H. E William Ruto, in his inaugural speech, noted that among the central concerns of his government is climate change. While addressing the United Nations General Assembly, he urged all parties to fulfil their financing pledges outlined in the Paris Agreement. The call to action comes ahead of COP 27 which is set to happen in Egypt. It serves to highlight the climate change vulnerability of the region.

 Over the years, Kenya has demonstrated its commitment to building climate resilience cementing its position as the leading climate change voice in the global south. For instance, Kenya is among the first countries to ratify and domesticate the Paris Agreement which set out Nationally Determined Contributions aimed at reducing greenhouse gas (GHG) emissions by 32% by 2030. Despite the gains made, adaptations and mitigation efforts remain largely underfunded thus slowing down the transition to a sustainable economy. Climate financing is a huge opportunity that needs to be pursued in the country.

The National Climate Change Action Plan (NCCAP), 2018-2022 revised the projected estimates meant to build and enhance Kenya’s adaptation and mitigation actions by 2030 to 65B. Climate financing remains the untapped frontier in the fight against climate change in Kenya, it has a huge potential to push the country towards the attainment of the National Determined Contributions by 2030. Green financing brings onboard the financial sector in the country as key players in the implementation of climate change interventions. Traditional financing by financial institutions, for instance, has viewed climate-related sectors as risky and as such, it has limited its financial exposure in these sectors. However, with policies to compensate for the exposure, Kenya can tap on the strength of the financial sector to direct investments into the renewable energy, climate resilient infrastructure, sustainable agriculture and waste management among others. 
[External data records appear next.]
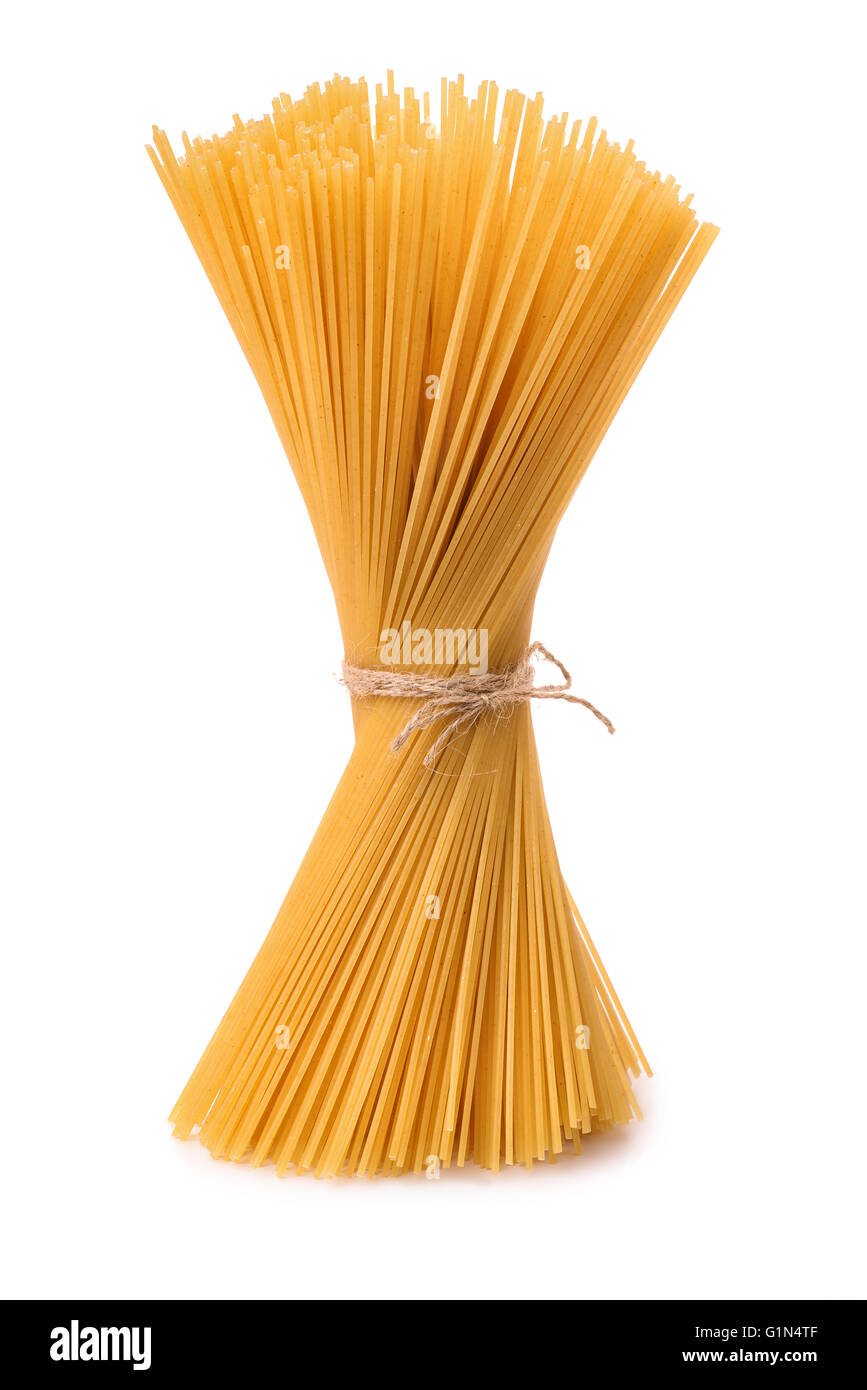 Reihe von italienischer Pasta, isoliert auf weiss Stockfoto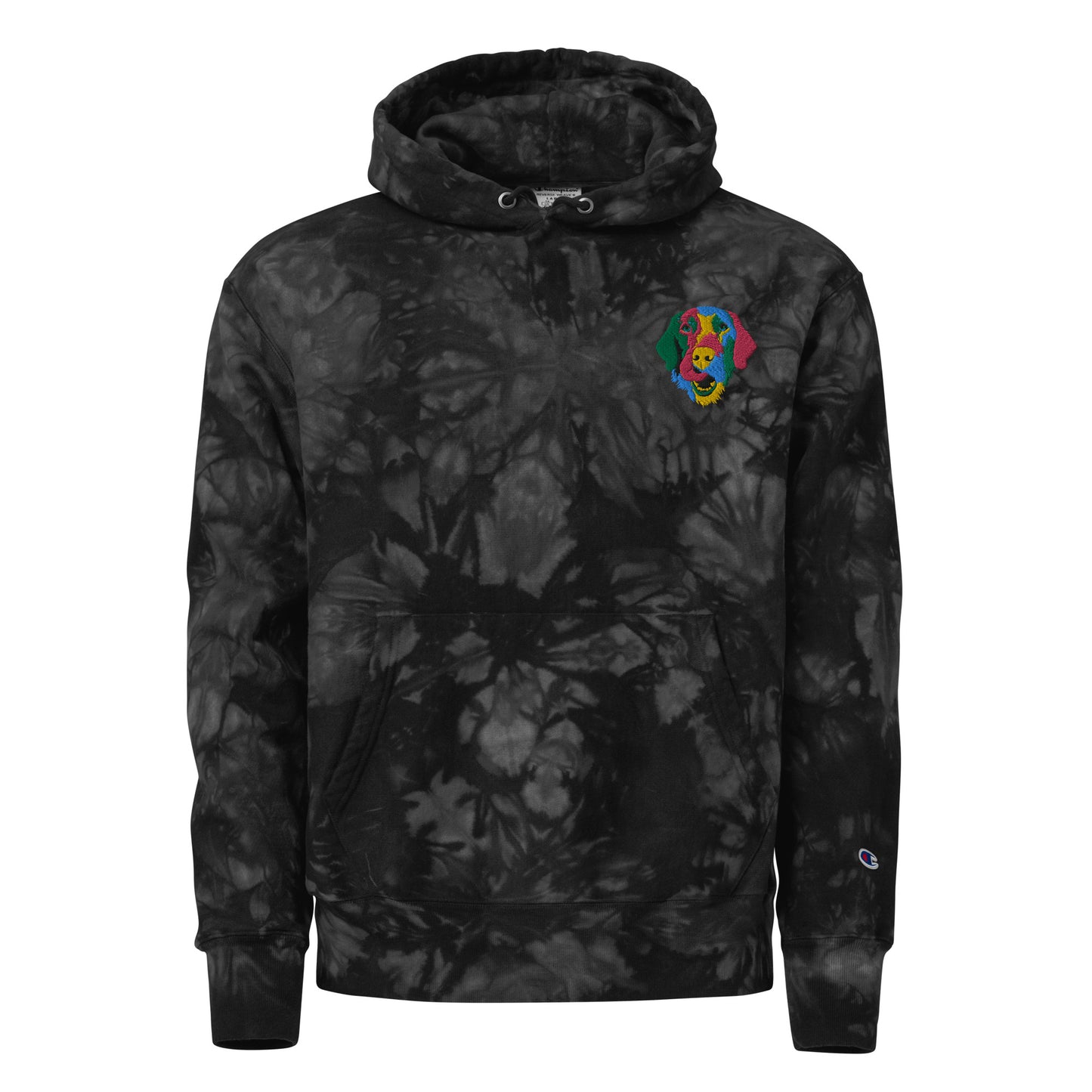 Embroidered Color Silly Lab Champion Tie-Dye Hoodie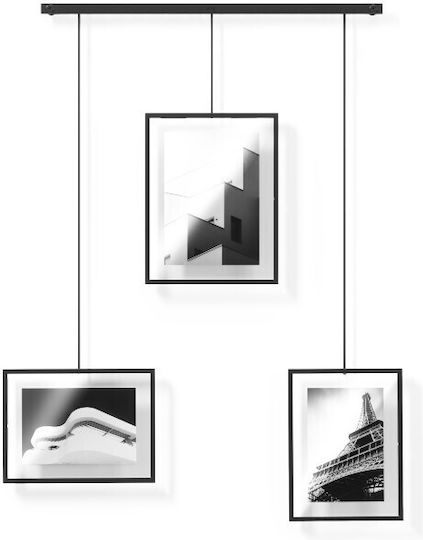 Umbra Rame Foto Multi De Perete 3 Fotografii Metalică Cu Ramă Neagră Neagră 3 Bucăți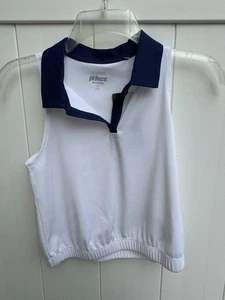 Blusa Prince Azul Cuello Blanco Acanalado Sin Mangas Niña’s Grande (14) Nueva - Imagen 1 de 4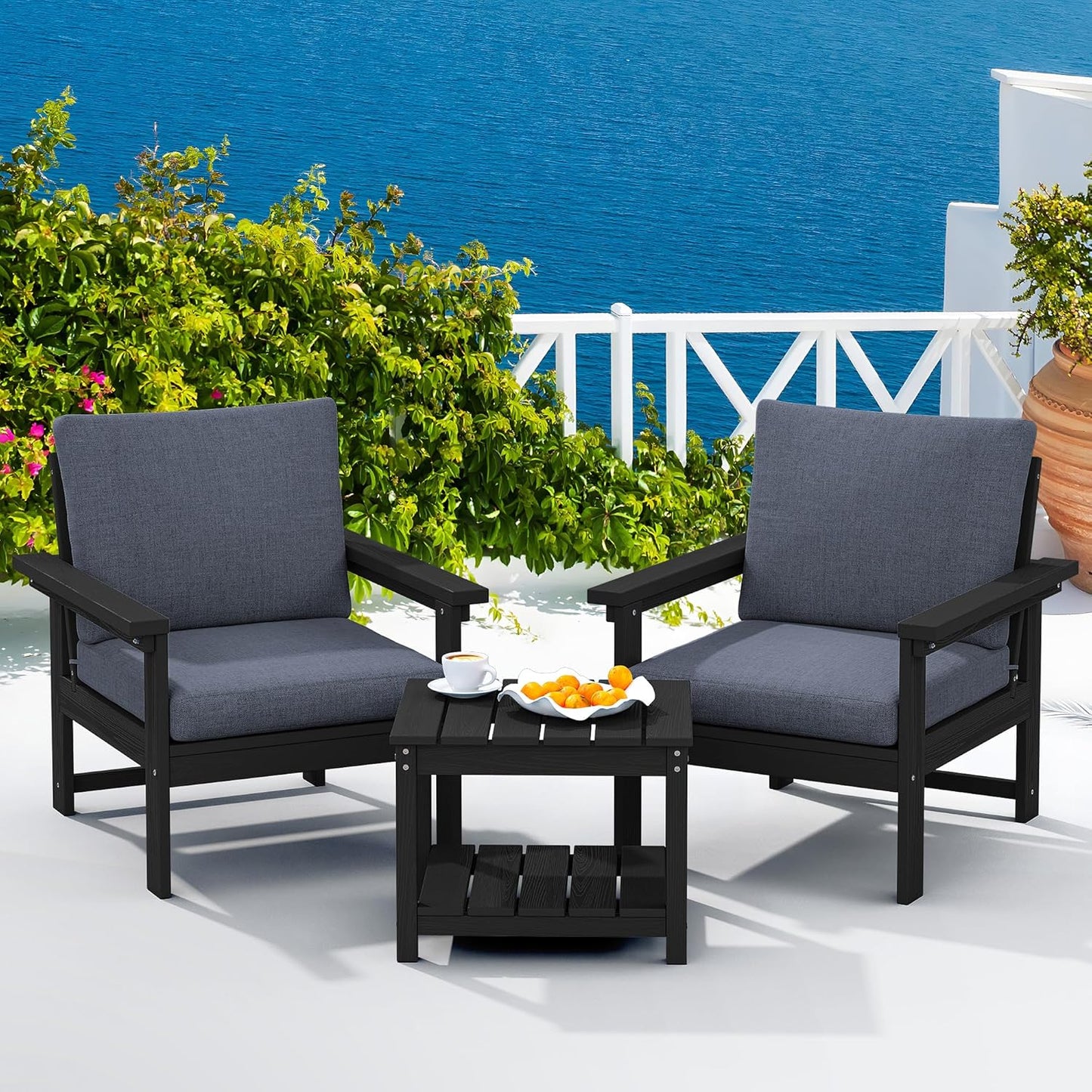 SERWALL HDPE Patio Sofa Set: Stylish 3-Piece Outdoor Furniture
On a promising note, Sustainable Finance Initiative Catalyst Awards convened by the Kenya Bankers Associations recognizes banks that have embedded Sustainable Finance Guiding Principle to create long-term value for the economy, environment and society. This is a testament to the progress made by the banking sector in Kenya and should serve as a launchpad for other financial institutions to innovatively direct the flow of financial investments toward building a sustainable economy.

 Data on climate financing estimates that only 40% of the total climate related investments, could be tracked to the private sector while the remaining 60% is essentially undertaken by public entities. To scale up private financing, national government and county government development plans must integrate a proactive climate financing mechanism that will facilitate ease of investments. Incentives on taxations and product licensing to catalyze climate-friendly investments should be prioritized to bring onboard all tiers of financial institutions.